Until now, members of the Development Assistance Committee (DAC) of the Organization for Economic Cooperation and Development (OECD) have been the main aid-providers within the international community. In recent years, however, assistance activities by non-DAC member countries have become noteworthy, including those of Eastern Europe, the Middle East, China, Russia, South Africa, Brazil, as well as Southeast Asian nations such as Singapore and Malaysia. It is important for DAC countries including Japan to share their past experiences regarding aid and cooperate as necessary so that these countries can work together in aim to solve global issues as responsible aid-providing countries.
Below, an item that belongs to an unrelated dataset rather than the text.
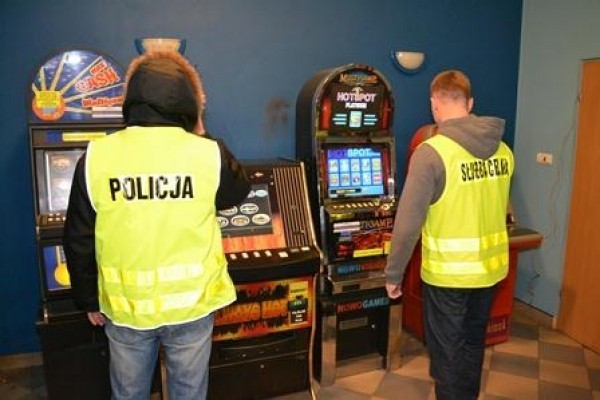 Policjanci zabezpieczyli 4 symulatory do gier i dwa urządzenia służące do prowadzenia gier hazardowych przez internet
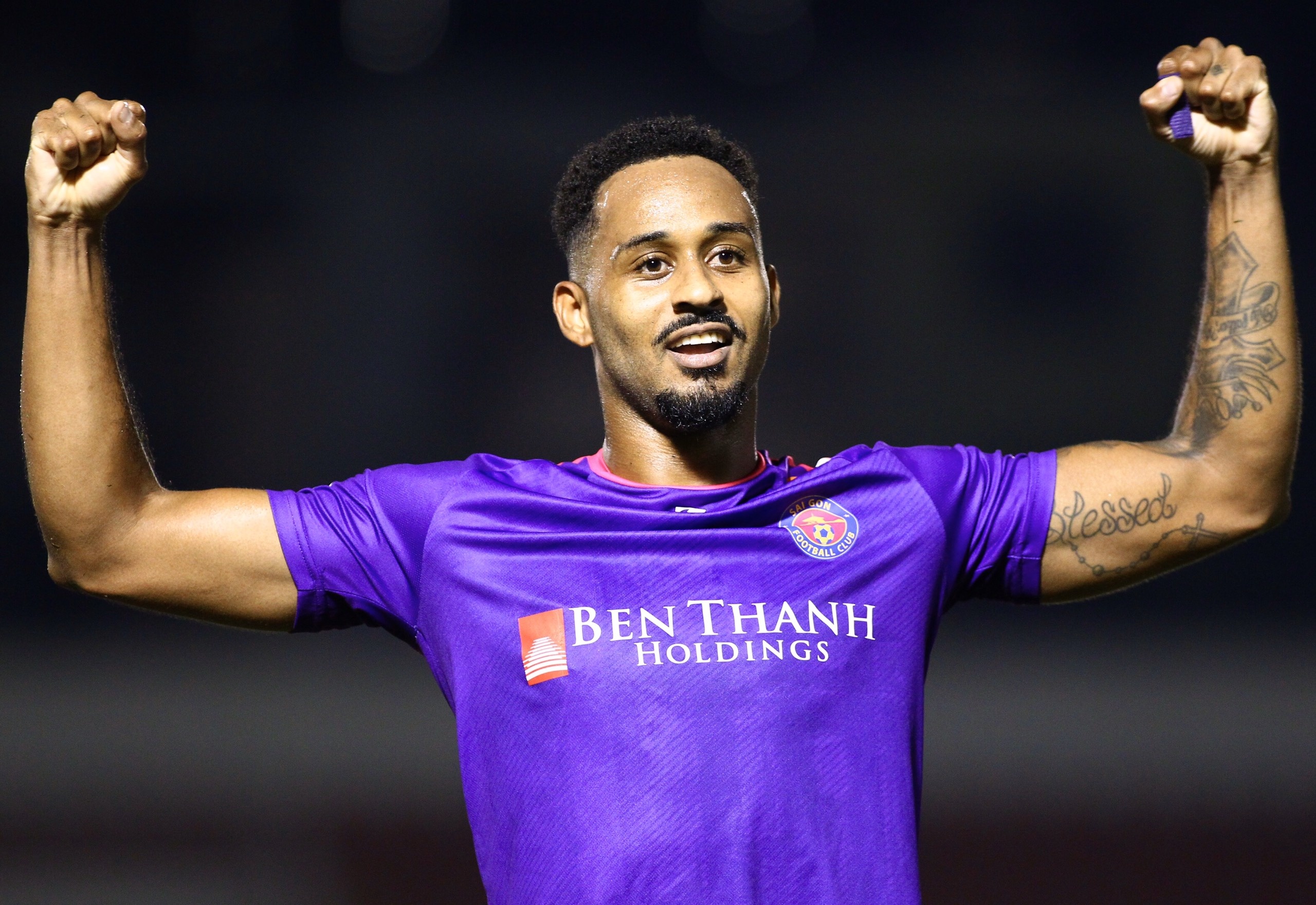 CLB Sai Gon vuot mat CLB Ha Noi tren BXH V.League 2020 hinh anh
(52) The Paris Declaration complied undertakings to be made by both aid-providing countries and aid-receiving countries in respect to measures that need to be implemented in order to improve the quality and efficiency of aid. The Declaration was adopted at the Second High Level Forum on Aid Effectiveness, which was held in Paris in 2005.
(53) This is an action plan that was adopted in September 2008 in Ghana at the Third High Level Forum on Aid Effectiveness. The plan includes a decision to make further improvements to the effects of aid as well as undertakings to be employed until 2010 in aim of achieving the objectives in the Paris Declaration.